I need a formula to find out number of circles required to reach a length of 100 million units in form of circle. All circles are in offset from first circle with +1 unit in radius. all circles have a common centre.
N=X*3.14*2 (x is the value of radius of circle)(N=perimeter of circle)
Y=N+6.28 ((Y is the value of circumference of next circle's radius with x+1unit) (a circle with a radius of 100 units has a perimeter of 628 units, a circle with 101 unit has a perimeter of 634.28 units, a circle with 102 unit has a perimeter of 640.56 units, the difference is always 6.28 units.))
so, addition of perimeter of first three circles is (628+634.28+640.56) 1902.84) units. what should be the formula to find out number of circles required to reach 100 million units.

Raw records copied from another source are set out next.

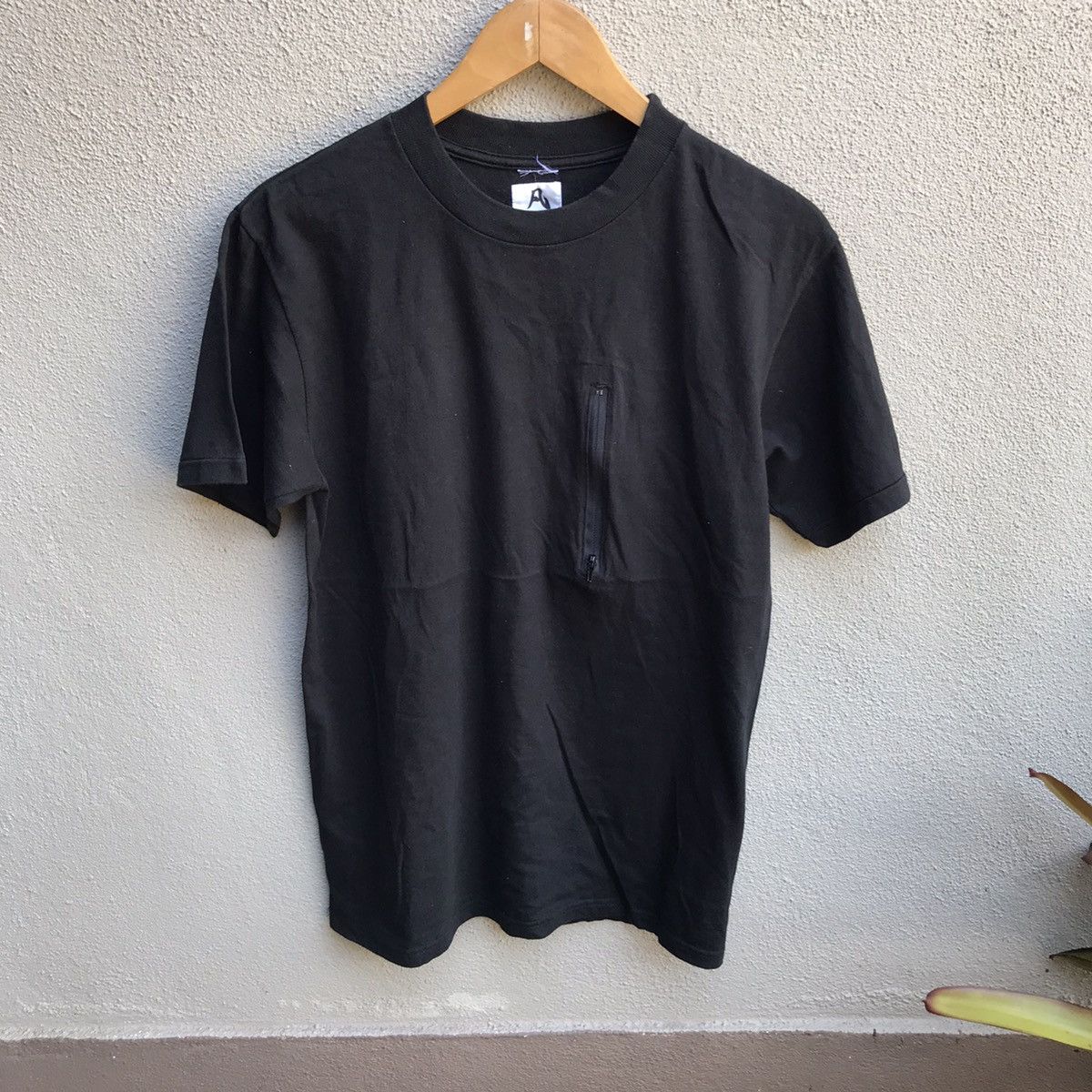 NEPENTHES zipper pocket tee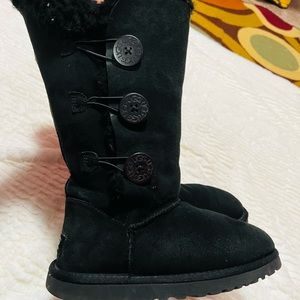 UGG Bailey Bottom tall size 6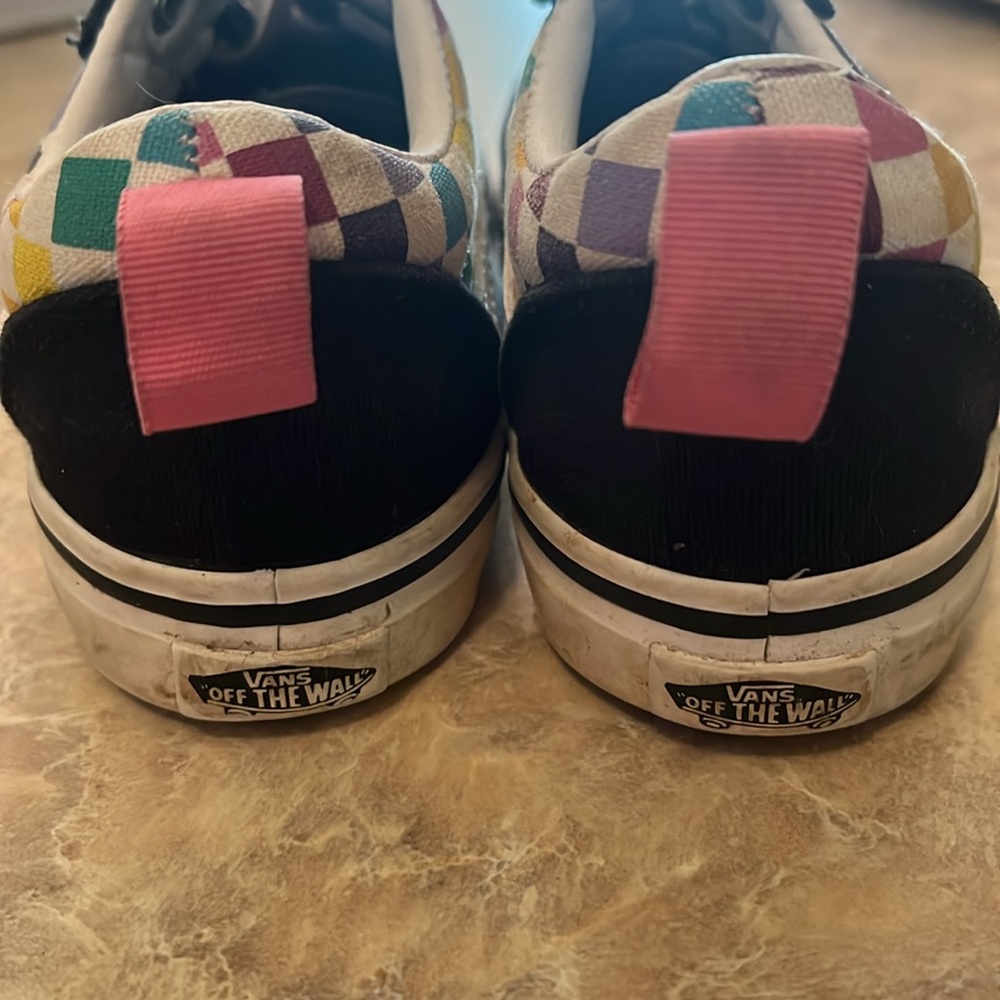 Vans - Picture 3 of 5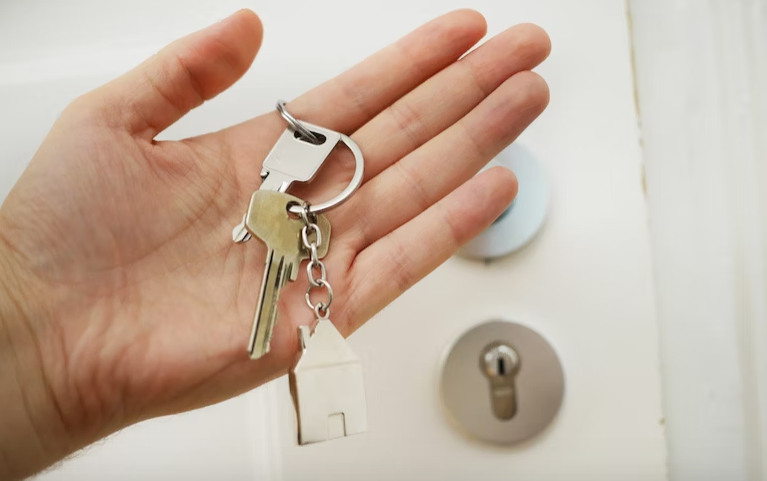 De rol van een makelaar in Hapert: Het belang van professioneel advies bij het kopen of verkopen van een huis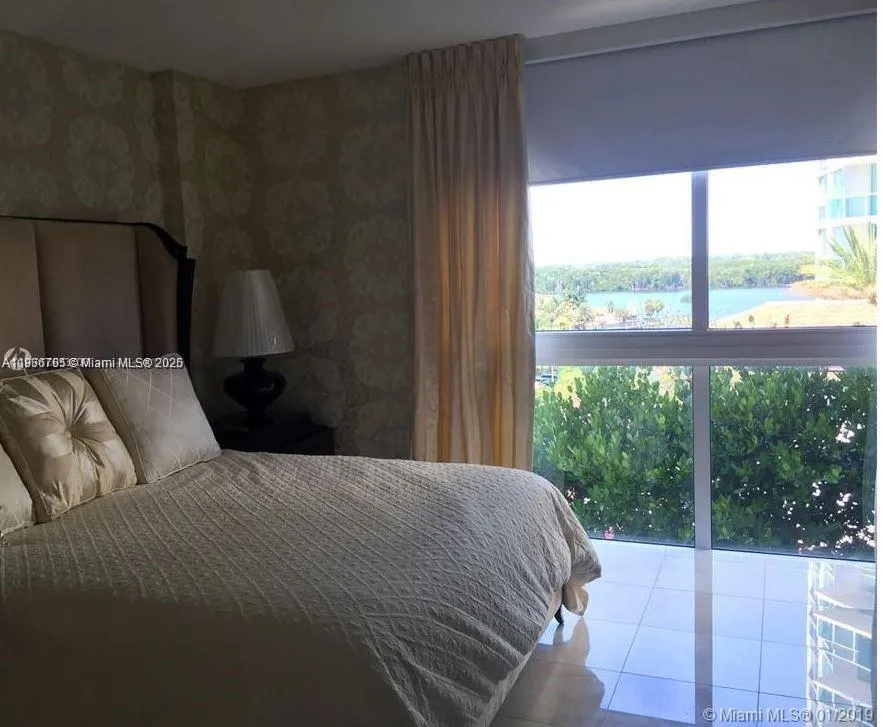 200 Sunny Isles Blvd, #2-704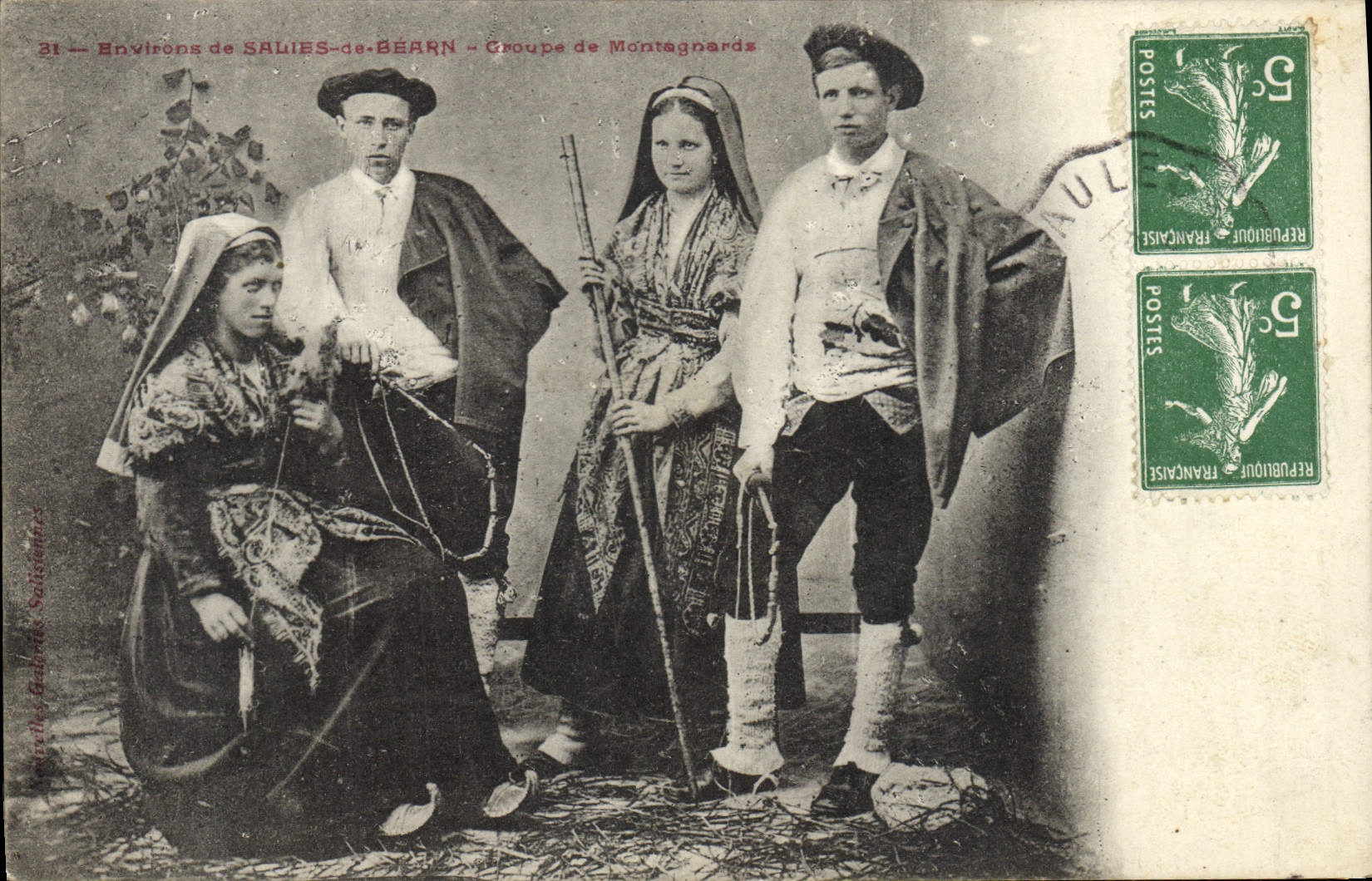 CPA Folklore Environs de Salies de Bearn Groupe de montagnards 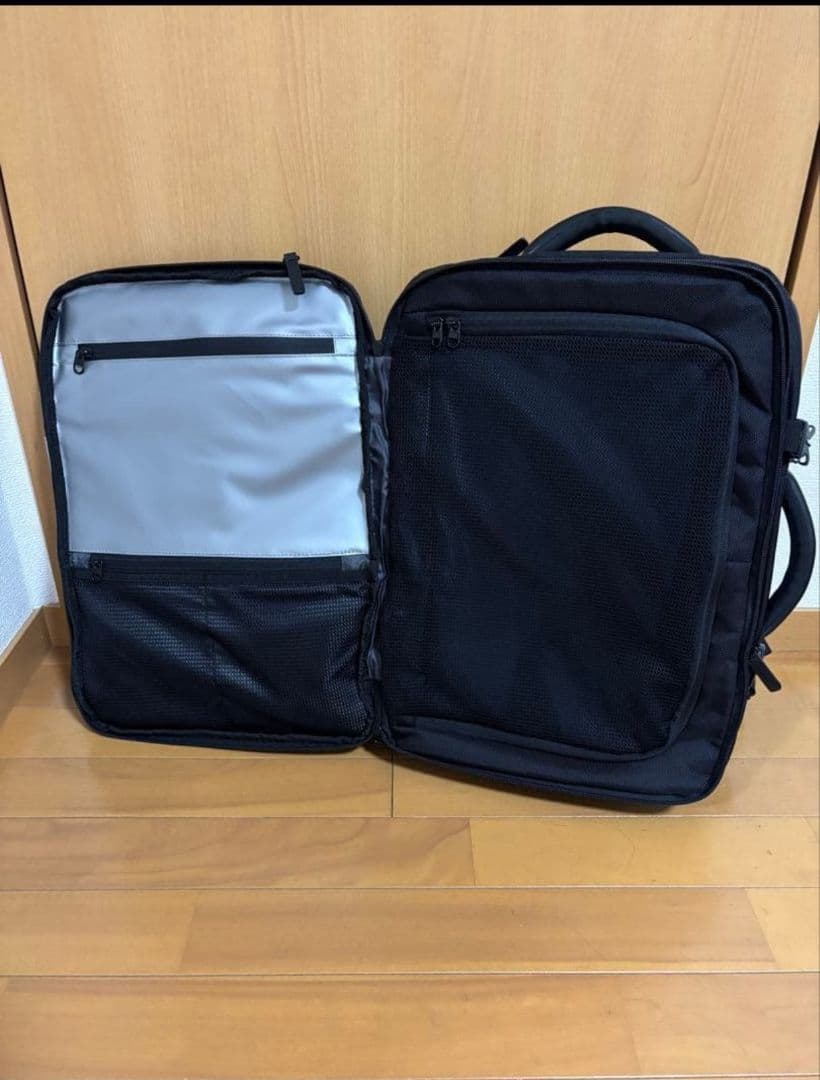 美品　SIMCLEAR ツナグバック　SQUARE Expandable 黒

We consider $n$ circles, where the radius of each circle is equal to $99+n$. The perimeter of the $n$th circle is therefore $$ p(n) = 2\pi (99+n) $$ When we add up the perimeters of the circles, we get the sum of an arithmetic progression $$ \begin{split} S =& p(1) + p(2) +p(3) +\ldots + p(n)\\ =& 2\pi \left(100+101+102 + \ldots + 99 +n \right)\\ =&2\pi(\underbrace{99+99+99 +\ldots+99}_{\text{n terms}}) + 2\pi \left(1+2+3+\ldots+n \right) \end{split} $$ The summing the $99$'s together makes just $99n$, and for the sum $1+2+\dots+n$ we can find the identity $$ 1+2+3+\ldots+n = \frac{n(n+1)}{2} $$ and therefore $$ S = 198\pi n + 2\pi \frac{n(n+1)}{2} $$ We want this to be at least $S= 10^8$, and therefore we get the equation $$ 2\times 10^8 = 396\pi n + 2\pi n^2 + 2\pi n \qquad \Rightarrow \qquad 2\pi n^2 + 398\pi n - 2\times 10^8 = 0 $$ Numerically, we can find $n\approx 5~544$. This is the number of circles required so that the sum of perimeters is at least to 100 million.